"La Clemenza Di Tito" at CCM

The company of "La Clemenza Di Tito" at CCM.

Operas are an interesting breed of art. Some people adore them, while others don’t quite understand the appeal. The College-Conservatory of Music’s opera department continues its 2018-19 MainStage season with Wolfgang Amadeus Mozart’s “La Clemenza Di Tito,” running now through April 14.

The opera is set in 1959 Cuba, where Emperor Tito Vespasian is looking for an empress. Vitellia, daughter of the late Emperor Vitellio, is seeking revenge against Tito for the death of her father. She expected Tito to choose her as empress, but he had two other women in mind.

One of them is Servilia — the sister of Tito’s best friend, Sesto. The problem? Servilia and her love, Annio, are trying to get married. Meanwhile, Vitellia seduces Sesto and uses him to kill Tito.

"La Clemenza Di Tito"

"La Clemenza Di Tito"

Now, put the entire show in Italian with a handful of subtitles, and you understand my confusion. While there were English subtitles above the stage, they were inconsistent. Sometimes, they stopped mid-song. Other times, they didn’t appear at all. Overall, it made the plot incredibly difficult to follow.

This said, the talent of the cast is next level — as is expected with CCM. Each voice in the company was stronger than the next, and there were several performances that showcased stellar acting talent.

Grace Kiver (Annio) was a highlight of the show. Kiver’s stage presence is unmatched: she boasts honest, impassioned acting skills with a gorgeous voice to match. She appeared to connect with every performer onstage, and she never let the singing do the work for her.

Still, the stars of this production were the technical elements. The beautiful lighting and intricate period costumes made for a captivating spectacle, even when the plot lost me.

During the overture, Teresa Perrotta (Vitellia) strolls across the dimly lit stage, turning on various lamps that leave the mansion-esque set in a gorgeous golden glow to set the mood. The entire first act is played on the same set, but in the second act, the set becomes the lead. Desks and podiums come from below the stage, and giant wall decor comes from above. Each element left me stunned and pulled me right back in.

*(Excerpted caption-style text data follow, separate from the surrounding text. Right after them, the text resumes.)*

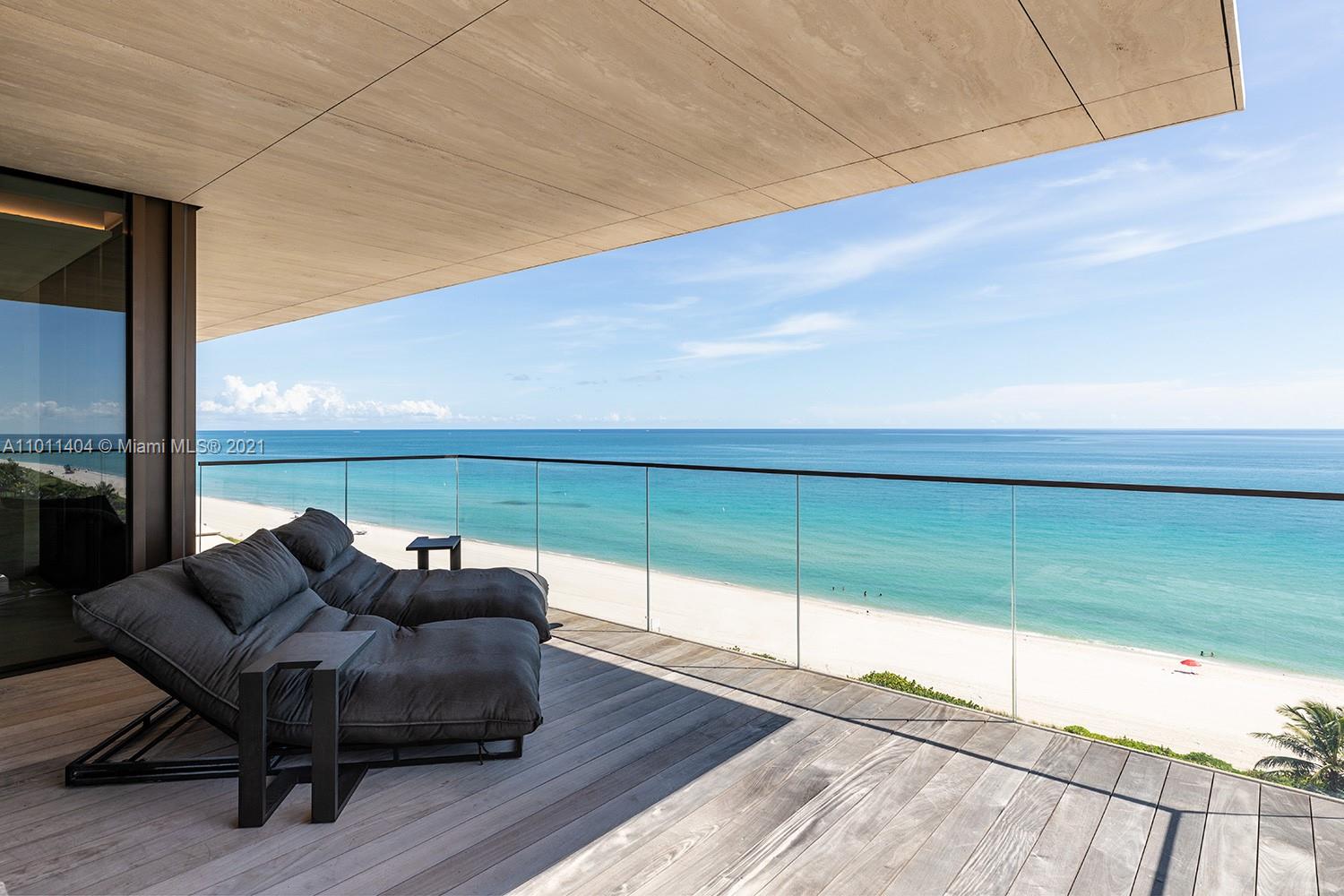 ARTE, a boutique collection of 16 oceanfront residences by Citterio & Viel in collaboration with Kobi Karp. Arte features exquisitely finished, flow-through residences boasting gracious living areas and expansive terraces with direct ocean and sunset views. Residences feature private elevator finger recognition entry, gas stoves, and temperature-controlled parking. Full service building with rooftop tennis court, outdoor and heated indoor pools, children's play room and direct beach access. Residence designed by Vesta Furniture offering Immediate occupancy. *Price with furnishings is $11.85M   Residence offers 3126 SF Interior with expansive corner terraces of 750 SF Exterior
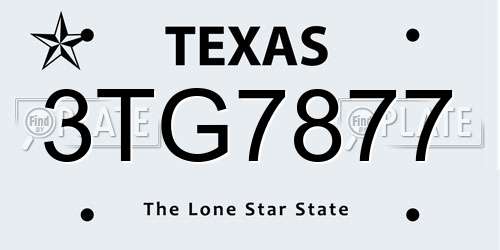 3TG7877 Texas License Plate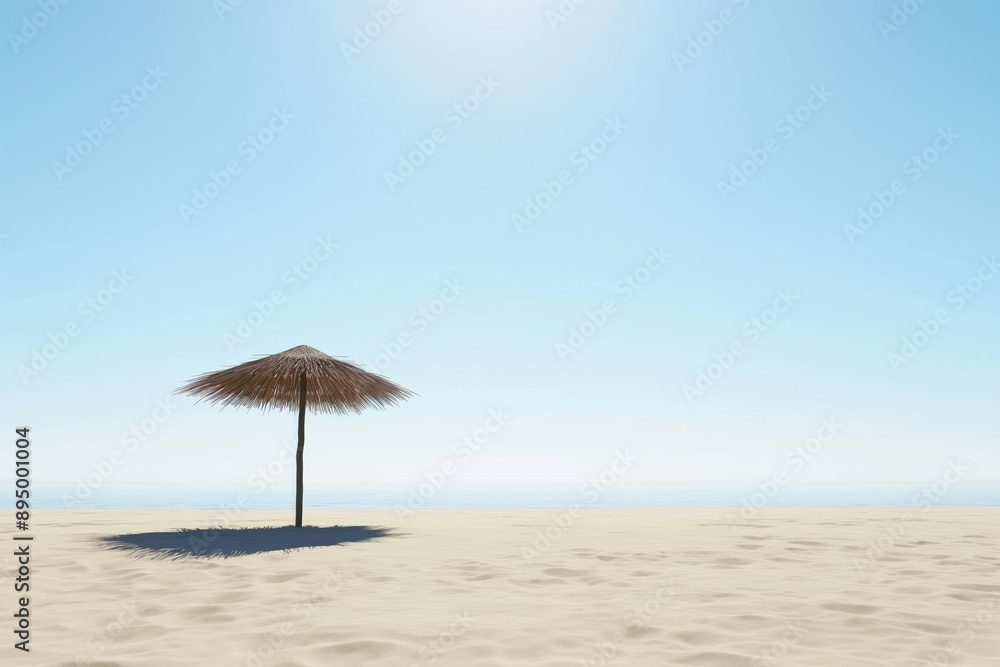 Lonely parasol standing on sandy beach against clear sky with sun in background Lonely parasol standing on sandy beach against clear sky with sun in background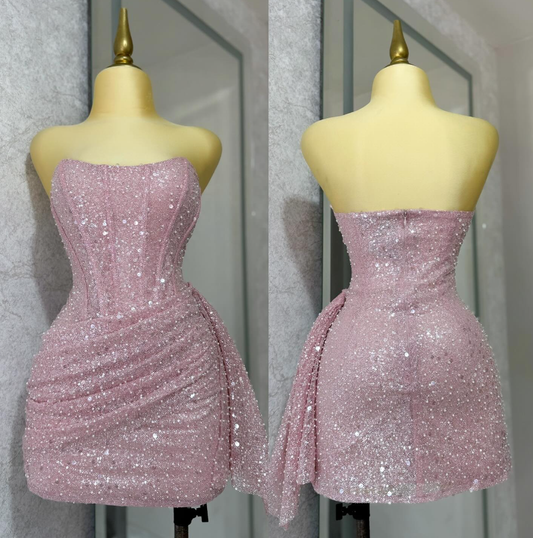 Gorgeous Pink Sequins Short Bodycon Dress Homecoming Dress DP562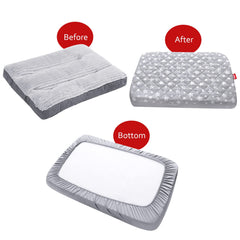 Moonsea elastic-band fit demonstrating snug fit on 32x44 bed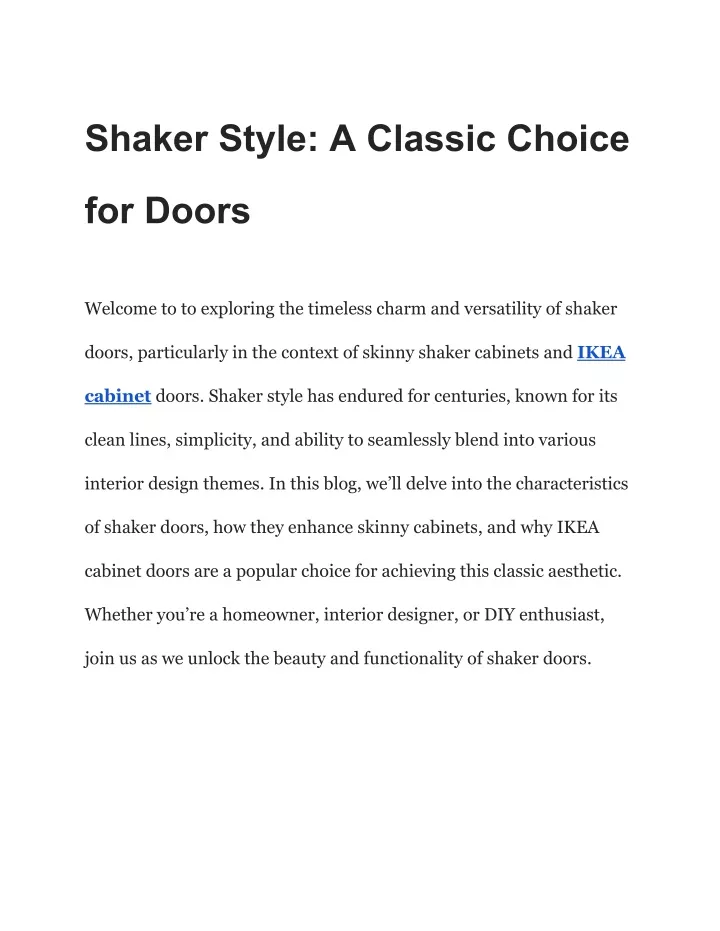 shaker style a classic choice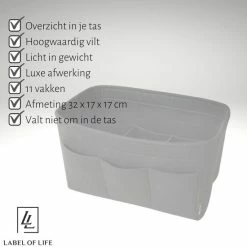 Kopen ⌛ Label Of Life Bag In Bag - Tas Organizer - Handtas Vrouwen - 11 Vakken Maat L - Zwart Vilt - Hoogwaardige Kwaliteit 😉 -Tassen-Dames Winkel 550x550 257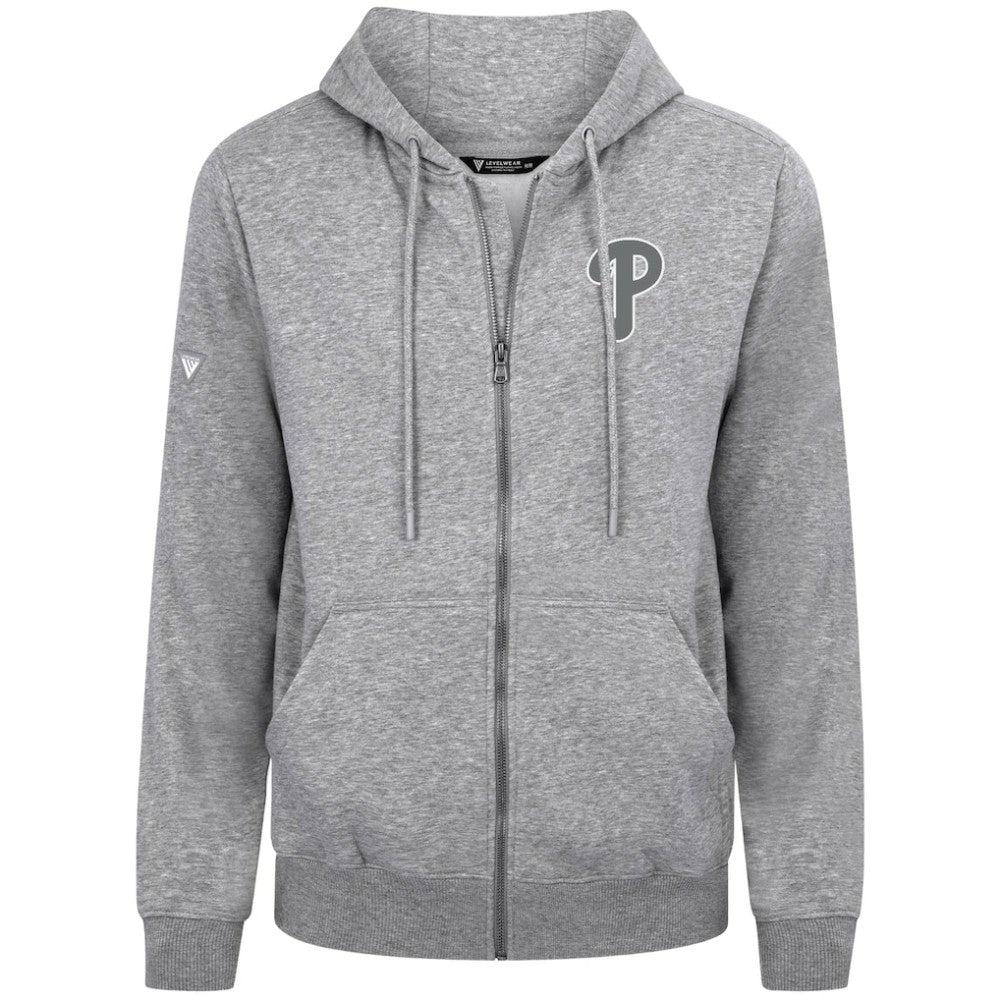 Heather Gray Philadelphia Phillies Levelwear Podium Banner Arch Full-Zip Hoodie
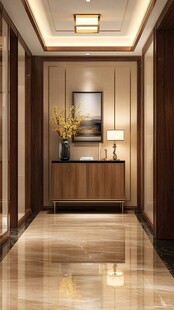 香几中式风格走道效果图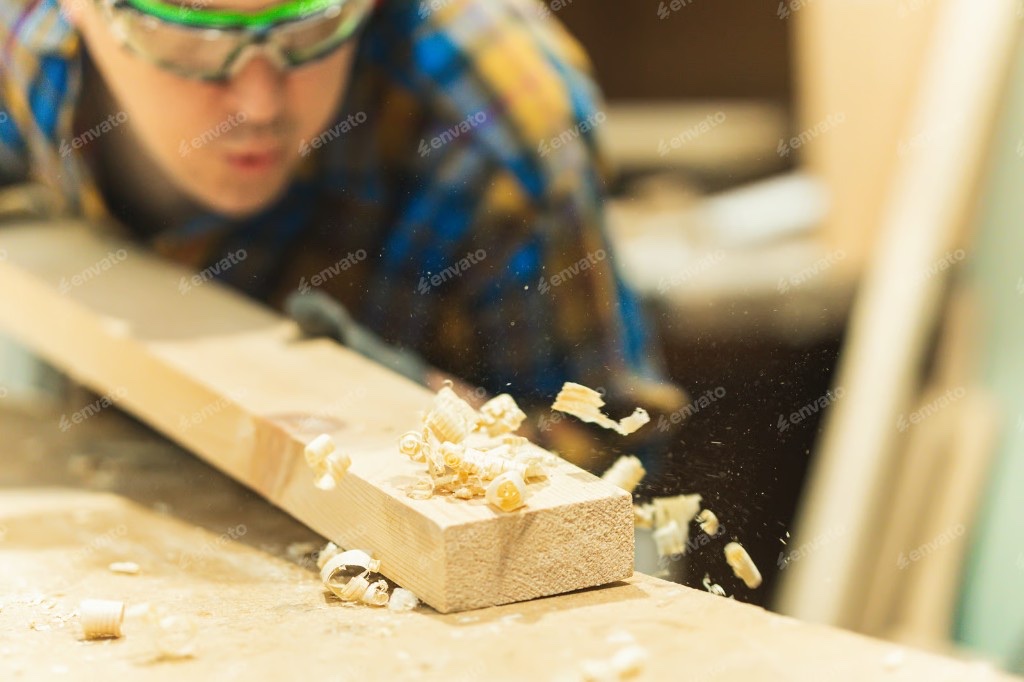 Close-up of wood shavings blown from a freshly worked board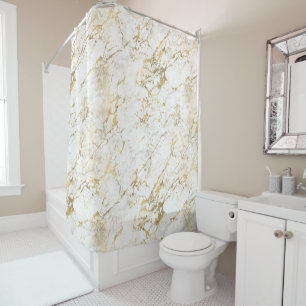 Cortina Para Box Marble branco e Dourado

The late 50s is such an exciting time period for fashion and costume design, and Rachel C. Boylan doesn’t disappoint. The show featured pill box hats, bomber jackets and plenty of fit and flare dresses — all my favorite things.

Despite the talented crew and advanced technical elements, I can’t say I understood the appeal of this opera. I have mad respect for the performers, but I don’t plan on seeing this one again.